[Dataset items]

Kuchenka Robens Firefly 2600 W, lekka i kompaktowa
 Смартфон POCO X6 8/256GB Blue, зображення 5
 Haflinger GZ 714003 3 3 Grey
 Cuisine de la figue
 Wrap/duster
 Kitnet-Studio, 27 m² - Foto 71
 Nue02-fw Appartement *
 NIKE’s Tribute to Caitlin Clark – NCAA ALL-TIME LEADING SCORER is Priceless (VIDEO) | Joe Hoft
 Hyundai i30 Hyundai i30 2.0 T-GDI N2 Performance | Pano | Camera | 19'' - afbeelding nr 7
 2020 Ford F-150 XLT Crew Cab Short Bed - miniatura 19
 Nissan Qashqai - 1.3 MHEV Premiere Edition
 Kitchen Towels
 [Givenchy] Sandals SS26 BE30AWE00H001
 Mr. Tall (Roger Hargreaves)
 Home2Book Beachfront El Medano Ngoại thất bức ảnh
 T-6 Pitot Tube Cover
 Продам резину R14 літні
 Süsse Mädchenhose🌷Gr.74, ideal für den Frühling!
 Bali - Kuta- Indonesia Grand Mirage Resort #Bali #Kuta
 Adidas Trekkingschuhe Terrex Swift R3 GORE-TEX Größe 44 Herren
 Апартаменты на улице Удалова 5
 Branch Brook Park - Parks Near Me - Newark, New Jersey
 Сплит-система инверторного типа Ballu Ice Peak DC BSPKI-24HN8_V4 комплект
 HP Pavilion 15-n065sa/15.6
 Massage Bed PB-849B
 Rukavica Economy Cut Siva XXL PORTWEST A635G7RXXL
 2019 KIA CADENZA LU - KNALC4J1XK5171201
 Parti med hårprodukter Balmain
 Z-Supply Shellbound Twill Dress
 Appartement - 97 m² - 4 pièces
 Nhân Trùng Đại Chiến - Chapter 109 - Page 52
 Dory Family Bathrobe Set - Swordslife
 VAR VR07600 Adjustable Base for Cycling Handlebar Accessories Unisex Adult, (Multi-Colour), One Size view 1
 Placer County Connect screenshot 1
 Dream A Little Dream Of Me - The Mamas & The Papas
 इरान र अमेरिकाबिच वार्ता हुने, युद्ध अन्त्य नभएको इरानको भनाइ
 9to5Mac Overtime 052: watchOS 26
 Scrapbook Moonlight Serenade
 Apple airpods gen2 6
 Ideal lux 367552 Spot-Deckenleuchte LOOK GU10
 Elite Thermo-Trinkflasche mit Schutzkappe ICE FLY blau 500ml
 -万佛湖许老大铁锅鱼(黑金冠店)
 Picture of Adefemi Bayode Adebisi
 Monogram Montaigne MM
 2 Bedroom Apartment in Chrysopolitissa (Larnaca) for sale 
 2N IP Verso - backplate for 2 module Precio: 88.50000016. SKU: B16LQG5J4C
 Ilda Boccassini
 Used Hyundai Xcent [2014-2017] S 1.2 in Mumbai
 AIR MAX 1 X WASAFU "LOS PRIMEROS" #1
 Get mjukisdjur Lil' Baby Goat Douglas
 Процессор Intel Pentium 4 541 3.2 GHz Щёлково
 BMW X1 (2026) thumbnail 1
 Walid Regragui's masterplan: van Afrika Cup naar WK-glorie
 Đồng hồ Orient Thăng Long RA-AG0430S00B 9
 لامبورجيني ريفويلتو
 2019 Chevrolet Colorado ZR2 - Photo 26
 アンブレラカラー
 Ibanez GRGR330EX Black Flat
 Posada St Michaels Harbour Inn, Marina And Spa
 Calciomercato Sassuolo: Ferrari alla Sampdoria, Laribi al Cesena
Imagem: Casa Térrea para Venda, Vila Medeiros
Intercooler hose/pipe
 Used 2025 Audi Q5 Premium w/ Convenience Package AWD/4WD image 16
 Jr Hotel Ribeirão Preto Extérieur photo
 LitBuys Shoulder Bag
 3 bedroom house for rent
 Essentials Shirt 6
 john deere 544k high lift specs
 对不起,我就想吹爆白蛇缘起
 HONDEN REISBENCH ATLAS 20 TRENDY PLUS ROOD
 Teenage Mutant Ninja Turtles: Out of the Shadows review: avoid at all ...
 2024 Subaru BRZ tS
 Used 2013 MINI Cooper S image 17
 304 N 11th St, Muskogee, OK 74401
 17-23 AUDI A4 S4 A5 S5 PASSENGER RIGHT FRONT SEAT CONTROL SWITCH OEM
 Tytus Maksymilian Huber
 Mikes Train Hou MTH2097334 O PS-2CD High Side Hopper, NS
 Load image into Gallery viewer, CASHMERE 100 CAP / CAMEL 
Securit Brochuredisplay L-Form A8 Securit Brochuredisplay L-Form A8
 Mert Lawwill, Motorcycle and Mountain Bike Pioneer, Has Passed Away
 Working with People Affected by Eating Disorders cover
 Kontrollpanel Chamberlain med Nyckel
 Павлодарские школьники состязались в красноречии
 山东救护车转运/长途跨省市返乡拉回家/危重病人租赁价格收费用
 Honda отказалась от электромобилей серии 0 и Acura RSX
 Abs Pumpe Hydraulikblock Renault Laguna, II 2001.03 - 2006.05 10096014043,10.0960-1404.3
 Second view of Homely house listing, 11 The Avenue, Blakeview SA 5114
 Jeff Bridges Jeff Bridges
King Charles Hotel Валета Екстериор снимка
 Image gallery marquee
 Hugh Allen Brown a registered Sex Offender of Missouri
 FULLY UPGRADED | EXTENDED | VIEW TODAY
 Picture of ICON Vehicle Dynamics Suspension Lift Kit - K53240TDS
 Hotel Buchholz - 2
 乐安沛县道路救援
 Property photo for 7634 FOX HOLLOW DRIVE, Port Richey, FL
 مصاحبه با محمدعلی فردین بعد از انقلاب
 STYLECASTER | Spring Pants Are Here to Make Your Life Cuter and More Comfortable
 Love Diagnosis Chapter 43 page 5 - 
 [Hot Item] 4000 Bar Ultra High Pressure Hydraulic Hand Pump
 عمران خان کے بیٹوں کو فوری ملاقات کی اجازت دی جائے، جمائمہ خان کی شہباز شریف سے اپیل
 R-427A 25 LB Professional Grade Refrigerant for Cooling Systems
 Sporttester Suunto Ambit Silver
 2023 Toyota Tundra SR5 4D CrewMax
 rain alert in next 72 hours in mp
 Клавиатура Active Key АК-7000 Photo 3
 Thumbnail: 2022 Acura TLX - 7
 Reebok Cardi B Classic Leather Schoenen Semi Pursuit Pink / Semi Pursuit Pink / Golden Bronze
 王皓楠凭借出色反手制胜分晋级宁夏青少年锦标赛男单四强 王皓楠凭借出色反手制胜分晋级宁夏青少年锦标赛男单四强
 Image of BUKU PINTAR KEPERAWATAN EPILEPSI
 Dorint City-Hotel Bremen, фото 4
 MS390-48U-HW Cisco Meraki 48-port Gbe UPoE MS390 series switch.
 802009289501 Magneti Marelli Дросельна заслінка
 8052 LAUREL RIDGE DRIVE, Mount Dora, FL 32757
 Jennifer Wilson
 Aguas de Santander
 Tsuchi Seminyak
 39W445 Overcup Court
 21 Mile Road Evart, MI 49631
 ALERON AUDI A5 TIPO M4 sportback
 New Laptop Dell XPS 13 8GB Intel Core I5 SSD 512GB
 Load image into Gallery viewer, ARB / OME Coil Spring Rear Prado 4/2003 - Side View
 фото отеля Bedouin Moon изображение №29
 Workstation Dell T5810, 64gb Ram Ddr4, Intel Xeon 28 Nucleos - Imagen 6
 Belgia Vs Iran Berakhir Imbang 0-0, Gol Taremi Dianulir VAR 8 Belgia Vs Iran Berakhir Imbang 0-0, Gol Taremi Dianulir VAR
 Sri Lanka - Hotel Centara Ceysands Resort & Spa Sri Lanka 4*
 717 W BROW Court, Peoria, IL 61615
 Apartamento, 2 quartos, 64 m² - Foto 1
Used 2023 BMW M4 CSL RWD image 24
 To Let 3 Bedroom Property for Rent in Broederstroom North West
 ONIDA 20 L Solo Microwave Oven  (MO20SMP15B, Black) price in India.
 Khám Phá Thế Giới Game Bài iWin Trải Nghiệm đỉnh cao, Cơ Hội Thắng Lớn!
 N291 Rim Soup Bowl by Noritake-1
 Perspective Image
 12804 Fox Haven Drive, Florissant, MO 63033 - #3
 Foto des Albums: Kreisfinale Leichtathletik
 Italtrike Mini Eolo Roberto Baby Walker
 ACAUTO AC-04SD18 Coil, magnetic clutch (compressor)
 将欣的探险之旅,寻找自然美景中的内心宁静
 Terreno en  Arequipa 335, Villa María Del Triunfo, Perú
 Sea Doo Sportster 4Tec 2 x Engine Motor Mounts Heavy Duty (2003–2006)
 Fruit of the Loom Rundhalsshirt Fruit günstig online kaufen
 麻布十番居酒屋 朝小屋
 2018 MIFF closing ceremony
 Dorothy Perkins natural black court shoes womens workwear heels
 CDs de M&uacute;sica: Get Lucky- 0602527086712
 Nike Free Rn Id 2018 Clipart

→ REQUIRED WORK: Print the lines above from the one with "Hugh Allen Brown" through the one with "Thumbnail: 2022 Acura TLX - 7", both included, exactly as written and nothing more.

→ RESPONSE TO THE EXERCISE:
 Hugh Allen Brown a registered Sex Offender of Missouri
 FULLY UPGRADED | EXTENDED | VIEW TODAY
 Picture of ICON Vehicle Dynamics Suspension Lift Kit - K53240TDS
 Hotel Buchholz - 2
 乐安沛县道路救援
 Property photo for 7634 FOX HOLLOW DRIVE, Port Richey, FL
 مصاحبه با محمدعلی فردین بعد از انقلاب
 STYLECASTER | Spring Pants Are Here to Make Your Life Cuter and More Comfortable
 Love Diagnosis Chapter 43 page 5 - 
 [Hot Item] 4000 Bar Ultra High Pressure Hydraulic Hand Pump
 عمران خان کے بیٹوں کو فوری ملاقات کی اجازت دی جائے، جمائمہ خان کی شہباز شریف سے اپیل
 R-427A 25 LB Professional Grade Refrigerant for Cooling Systems
 Sporttester Suunto Ambit Silver
 2023 Toyota Tundra SR5 4D CrewMax
 rain alert in next 72 hours in mp
 Клавиатура Active Key АК-7000 Photo 3
 Thumbnail: 2022 Acura TLX - 7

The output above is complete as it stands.